Trying to incorporate RANK or NTILE with LEAD function

  • SoCal_DBD

    Hall of Fame

    Points: 3051

    My scenario is as follows: We have accounts that pay for a particular "premium" service. It's entirely possible an account paid for this service for three consecutive months in 2013, then stopped paying, then started paying again. Why I'm trying to establish is, for the FIRST period of time the accout paid for this service, for how many consecutive months did they pay? Here is my test data:

    if object_id('tempdb..#SampleData') is not null

    drop table #SampleData

    go

    if object_id('tempdb..#DateAnalysis') is not null

    drop table #DateAnalysis

    go

    -- Create temp tables for sample data

    create table #SampleData

    (AccountID int,

    RandomDate datetime)

    create table #DateAnalysis

    (RowID int identity(1,1),

    AccountID int,

    RandomDate datetime,

    NextDate datetime,

    LeadInMonths int)

    -- Insert some sample data

    insert into #SampleData values

    (1, '1/1/13'), (1, '2/1/13'), (1, '3/1/13'), (1, '6/1/13'), (1, '10/1/13'), (1, '11/1/13'), (1, '12/1/13'),

    (2, '1/1/13'), (2, '4/1/13'), (2, '5/1/13'), (2, '6/1/13'),

    (3, '2/1/13'), (3, '3/1/13'), (3, '4/1/13'), (3, '9/1/13'), (3, '10/1/13'), (3, '11/1/13')
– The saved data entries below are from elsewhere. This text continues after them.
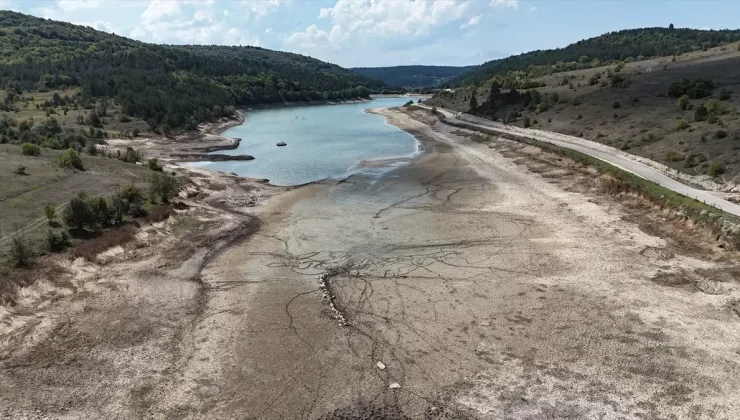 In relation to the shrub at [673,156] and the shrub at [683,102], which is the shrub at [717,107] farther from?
the shrub at [673,156]

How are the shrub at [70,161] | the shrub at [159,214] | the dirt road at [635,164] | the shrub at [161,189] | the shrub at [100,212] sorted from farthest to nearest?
the shrub at [70,161] < the shrub at [161,189] < the shrub at [159,214] < the dirt road at [635,164] < the shrub at [100,212]

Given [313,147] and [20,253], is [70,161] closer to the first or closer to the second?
[20,253]

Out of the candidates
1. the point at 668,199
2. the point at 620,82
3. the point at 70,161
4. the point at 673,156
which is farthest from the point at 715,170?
the point at 70,161

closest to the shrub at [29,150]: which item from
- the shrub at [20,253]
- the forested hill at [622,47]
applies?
the shrub at [20,253]

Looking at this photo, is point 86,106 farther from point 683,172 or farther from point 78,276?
point 683,172

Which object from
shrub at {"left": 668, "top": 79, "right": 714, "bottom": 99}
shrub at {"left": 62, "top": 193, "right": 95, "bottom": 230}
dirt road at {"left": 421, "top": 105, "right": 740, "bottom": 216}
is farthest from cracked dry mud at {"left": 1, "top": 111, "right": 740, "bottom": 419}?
shrub at {"left": 668, "top": 79, "right": 714, "bottom": 99}

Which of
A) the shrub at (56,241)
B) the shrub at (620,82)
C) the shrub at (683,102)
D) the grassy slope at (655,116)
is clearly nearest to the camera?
the shrub at (56,241)

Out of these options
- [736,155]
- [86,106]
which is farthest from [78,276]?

    -- Use lead function to determine how many months are between

    -- consecutive dates per account

    ; with DateInterval as

    (select AccountID, RandomDate,

    NextDate = lead (RandomDate, 1, NULL) over (partition by AccountID order by RandomDate)

    from #SampleData)

    insert into #DateAnalysis

    select AccountID, RandomDate, NextDate,

    datediff(mm, RandomDate, NextDate) as 'Lead'

    from DateInterval

    where NextDate is not null -- Last row will contain NULL for NextDate. Don't include these rows.

    -- Show the results

    select *,

    'NTile' = NTILE(3) over (partition by AccountID order by RandomDate),

    'RowNum' = row_number() over (partition by AccountID order by RandomDate)

    from #DateAnalysis

    Results (this is not getting me what I'm looking for):

    RowID AccountID RandomDate NextDate LeadInMonths NTile RowNum

    1 1 2013-01-01 2013-02-01 1 1 1

    2 1 2013-02-01 2013-03-01 1 1 2

    3 1 2013-03-01 2013-06-01 3 2 3

    4 1 2013-06-01 2013-10-01 4 2 4

    5 1 2013-10-01 2013-11-01 1 3 5

    6 1 2013-11-01 2013-12-01 1 3 6

    7 2 2013-01-01 2013-04-01 3 1 1

    8 2 2013-04-01 2013-05-01 1 2 2

    9 2 2013-05-01 2013-06-01 1 3 3

    10 3 2013-02-01 2013-03-01 1 1 1

    11 3 2013-03-01 2013-04-01 1 1 2

    12 3 2013-04-01 2013-09-01 5 2 3

    13 3 2013-09-01 2013-10-01 1 2 4

    14 3 2013-10-01 2013-11-01 1 3 5

    This is what I'm trying to achieve:

    RowID AccountID RandomDate NextDate LeadInMonths RankForThisLeadInMonths

    1 1 2013-01-01 2013-02-01 1 1

    2 1 2013-02-01 2013-03-01 1 1

    3 1 2013-03-01 2013-06-01 3 2

    4 1 2013-06-01 2013-10-01 4 3

    5 1 2013-10-01 2013-11-01 1 4

    6 1 2013-11-01 2013-12-01 1 4

    7 2 2013-01-01 2013-04-01 3 1

    8 2 2013-04-01 2013-05-01 1 2

    9 2 2013-05-01 2013-06-01 1 2

    10 3 2013-02-01 2013-03-01 1 1

    11 3 2013-03-01 2013-04-01 1 1

    12 3 2013-04-01 2013-09-01 5 2

    13 3 2013-09-01 2013-10-01 1 3

    14 3 2013-10-01 2013-11-01 1 3

    The problem comes with accounts like AccountID = 1. They paid consecutively to start, then skipped, then started paying consecutively again. When using window functions, I'm running into trouble attempting to partition by AccountID and LeadInMonths. It's putting all the LeadInMonths = 1 together and that will give me skewed results if I want to know the earliest and latest date within the FIRST consecutive range of dates where the account paid. I've tried NTILE but it expects an integer and there's no telling how many "tiles" would be in AccountID partition.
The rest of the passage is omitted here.